JJB has asked for the wisdom of the Perl Monks concerning the following question:

I am using this statement

if (/(abuse\@.*?)\s/)

This works fine as long as the email address is surrounded by white space. But sometimes the email address is enclosed with special characters, like this <abuse@tel2.con.it> or [abuse@bog-cnn.jp] or \abuse@fars.stores.info\

((abuse\@.*?)\s/) captures the ending non-alpha characters like this abuse@tel2.con.it> which I don’t want.

I tried this to tighten it up (/(abuse\@[\w\.-_]+)\s/) but it finds nothing.

What is correct syntax??

20040620 Edit by Corion: Added formatting

Replies are listed 'Best First'.
Re: Capture Email address
by davido (Cardinal) on Jun 20, 2004 at 17:15 UTC

    Since the regexp to match an email address can become grotesquely complex (and still not work 100% of the time), you might as well utilize the work that's already been done on the subject... Email::Find.

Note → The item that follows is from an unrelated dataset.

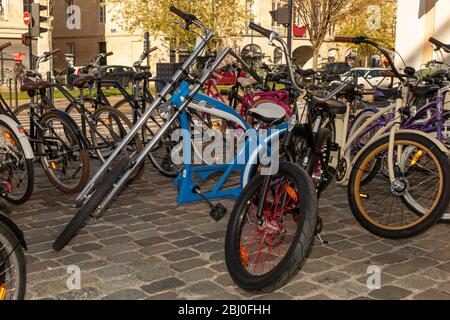 Bordeaux , Aquitaine / Francia - 04 15 2020 : molti di noi bici Cruiser bici da spiaggia parcheggiata su strada della città Foto Stock
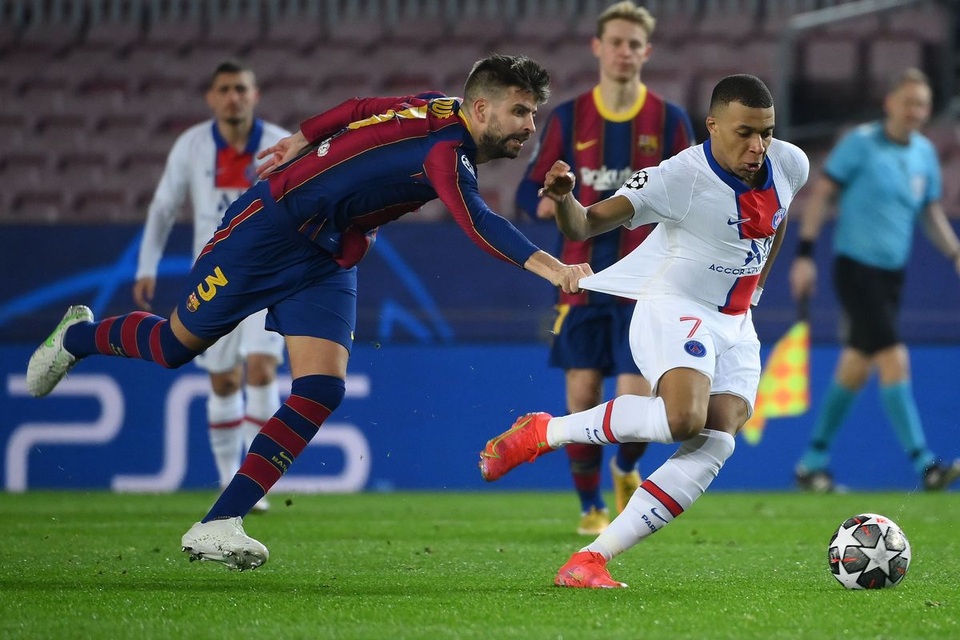 Griezmann và Pique văng tục chửi nhau trong thảm bại của Barcelona - 2 Griezmann và Pique văng tục chửi nhau trong thảm bại của Barcelona - 2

    The description of that module is: "Find RFC822 email addresses in plain text."


    Dave

      I second the Email::Find recommendation. I've used it in the past to do exactly the same kind of thing the OP is describing.

      -- vek --
Re: Capture Email address
by muba (Priest) on Jun 20, 2004 at 17:12 UTC
    Find out what characters are allowed in domain names. IIRC, they are a-z, 0-9, ".", "_" and "-". Make a character class of it:
    if ( /(abuse\@[a-zA-Z0-9\.\-]+)/ )


    Note: untested
Re: Capture Email address
by graff (Chancellor) on Jun 21, 2004 at 02:18 UTC
    Your "tightened up" version ( /(abuse\@[\w\.-_]+)\s/) has a couple of problems, and you should read enough of "perlre" man page to understand them.

    The character-class (the part between square brackets) is actually defining a range that includes all characters in the ascii set between the period (0x2e) and underscore (0x5f), which would still include backslash, square brackets and angle brackets. I think you intended to do something like this:

    /(abuse\@[-.\w]+)/
    Note that \w covers alphanumerics and underscore, the dash needs to go first (or last) so that it doesn't create a range, the period does not need to be escaped in a character class definition, and you don't need/want to force a match of a following white-space character at the end of the regex.

    In any case, using a module as mentioned in previous replies is likely to be the better way to go.